By revisiting my expectations of Rasa Ria, I realized the extent of my misguidance. Now I did not expect to walk into a 5-star restaurant; I also didn’t anticipate walking into a one-room hostel with an Internet connection. To say the least, I was under impressed with the ambience of Rasa Ria. The self-service and casual atmosphere denotes the kind of customer that would frequent the quaint restaurant. This wasn’t where I ate when I was with my parents. Instead this kind of restaurant represented what college has become for me: a place to experience and try new things. Most importantly somewhere I would be able to grow by stepping outside of my comfort zone. I think that Rasa Ria definitely presented a unique cultural experience was different from my own.

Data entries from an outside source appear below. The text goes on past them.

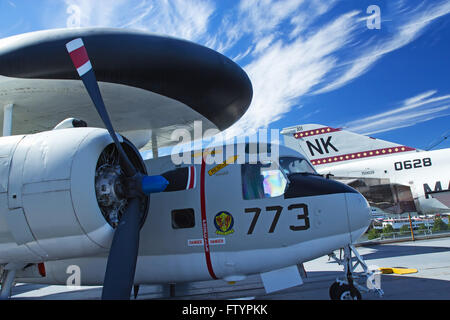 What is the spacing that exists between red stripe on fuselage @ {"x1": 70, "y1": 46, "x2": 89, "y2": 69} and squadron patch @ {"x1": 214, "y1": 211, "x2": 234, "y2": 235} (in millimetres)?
3579

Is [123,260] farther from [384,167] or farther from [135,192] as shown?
[384,167]

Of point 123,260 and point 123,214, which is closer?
point 123,260

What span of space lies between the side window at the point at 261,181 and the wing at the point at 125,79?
1.80 meters

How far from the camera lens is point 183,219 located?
6219 mm

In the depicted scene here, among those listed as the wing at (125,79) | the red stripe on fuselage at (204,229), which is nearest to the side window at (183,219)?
the red stripe on fuselage at (204,229)

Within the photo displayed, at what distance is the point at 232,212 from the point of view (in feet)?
19.5

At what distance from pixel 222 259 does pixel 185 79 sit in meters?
3.53

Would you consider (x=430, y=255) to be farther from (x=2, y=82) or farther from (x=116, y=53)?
(x=2, y=82)

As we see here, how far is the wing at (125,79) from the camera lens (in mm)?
5633

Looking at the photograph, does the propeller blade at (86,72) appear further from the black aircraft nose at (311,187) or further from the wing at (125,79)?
the black aircraft nose at (311,187)

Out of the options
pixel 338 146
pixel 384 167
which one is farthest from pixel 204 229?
pixel 338 146

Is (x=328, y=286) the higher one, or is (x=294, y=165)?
(x=294, y=165)

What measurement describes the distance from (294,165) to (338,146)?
14.0 m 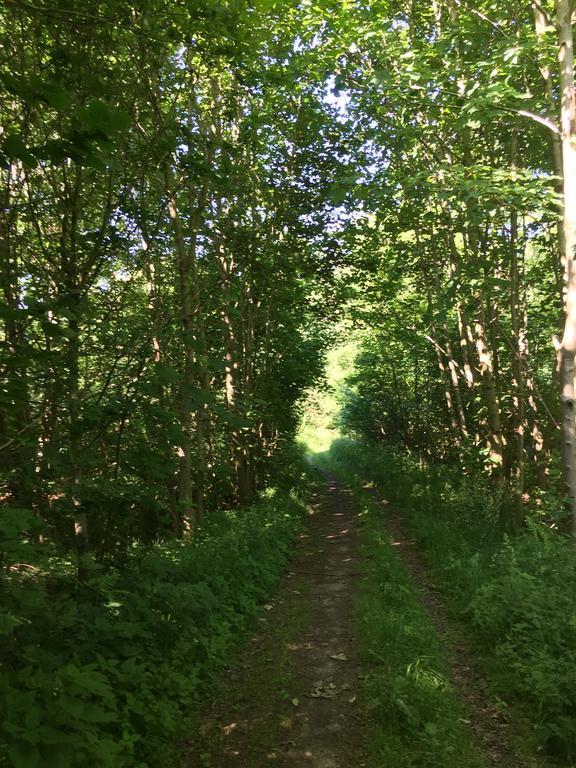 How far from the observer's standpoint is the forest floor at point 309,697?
3.83 meters

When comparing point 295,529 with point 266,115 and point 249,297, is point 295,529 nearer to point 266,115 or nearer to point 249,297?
point 249,297

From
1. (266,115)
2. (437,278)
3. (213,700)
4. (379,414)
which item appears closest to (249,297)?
(266,115)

The restaurant included many recipes that were Indonesian, with a Malaysian flare brought by the Gome family. Rasa Ria is authentically fusion. It is a mix of Asian cultures brought to the American table. Through this course, I came to realize that the term “authenticity” is very subjective because of the evolution of culture. The authority who might call a dish authentic or not is also disputed. Therefore, as a relatively uncultured, liberal arts college student, I will call food served at Rasa Ria authentically fusion and authentically delicious.

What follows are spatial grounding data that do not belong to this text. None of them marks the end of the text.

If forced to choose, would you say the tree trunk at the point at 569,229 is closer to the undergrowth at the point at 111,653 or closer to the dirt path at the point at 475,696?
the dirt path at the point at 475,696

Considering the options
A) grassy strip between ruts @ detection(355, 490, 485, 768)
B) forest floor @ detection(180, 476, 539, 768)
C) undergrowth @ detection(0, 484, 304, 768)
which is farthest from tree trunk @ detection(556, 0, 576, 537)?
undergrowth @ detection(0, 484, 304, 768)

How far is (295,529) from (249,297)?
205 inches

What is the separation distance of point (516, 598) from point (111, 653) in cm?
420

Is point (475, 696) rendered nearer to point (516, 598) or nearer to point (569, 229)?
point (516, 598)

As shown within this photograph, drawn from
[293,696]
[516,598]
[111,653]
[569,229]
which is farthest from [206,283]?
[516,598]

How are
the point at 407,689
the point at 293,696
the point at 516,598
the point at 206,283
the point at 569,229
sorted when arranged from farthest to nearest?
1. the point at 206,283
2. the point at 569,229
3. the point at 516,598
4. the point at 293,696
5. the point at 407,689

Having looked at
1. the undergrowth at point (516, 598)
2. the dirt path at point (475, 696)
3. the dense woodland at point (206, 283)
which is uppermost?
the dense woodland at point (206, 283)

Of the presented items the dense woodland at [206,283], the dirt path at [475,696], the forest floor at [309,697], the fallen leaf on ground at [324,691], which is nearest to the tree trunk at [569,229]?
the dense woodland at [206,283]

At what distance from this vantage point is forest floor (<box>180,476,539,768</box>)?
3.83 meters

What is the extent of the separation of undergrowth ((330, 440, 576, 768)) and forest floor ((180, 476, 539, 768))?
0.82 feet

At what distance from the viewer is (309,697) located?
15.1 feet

I hope to continue my exploration with food beyond the confines of my Food and Travel Seminar. It is my greatest hope that I will be able to study abroad in Ecuador for my Junior year at Kalamazoo College. With the application process underway, I can only imagine the exotic food I will be eating. I envision fruits with spikes, fresh fish, or flan. I look forward to go into any future culinary experience with an open heart and mind. Not every taste is for me, yet I will try my best to enjoy the effort and respect the culture of each dish. And after completing the Sophomore Food and Travel Seminar, I have found it is often not the taste that makes the food, yet the context in which you surround yourself.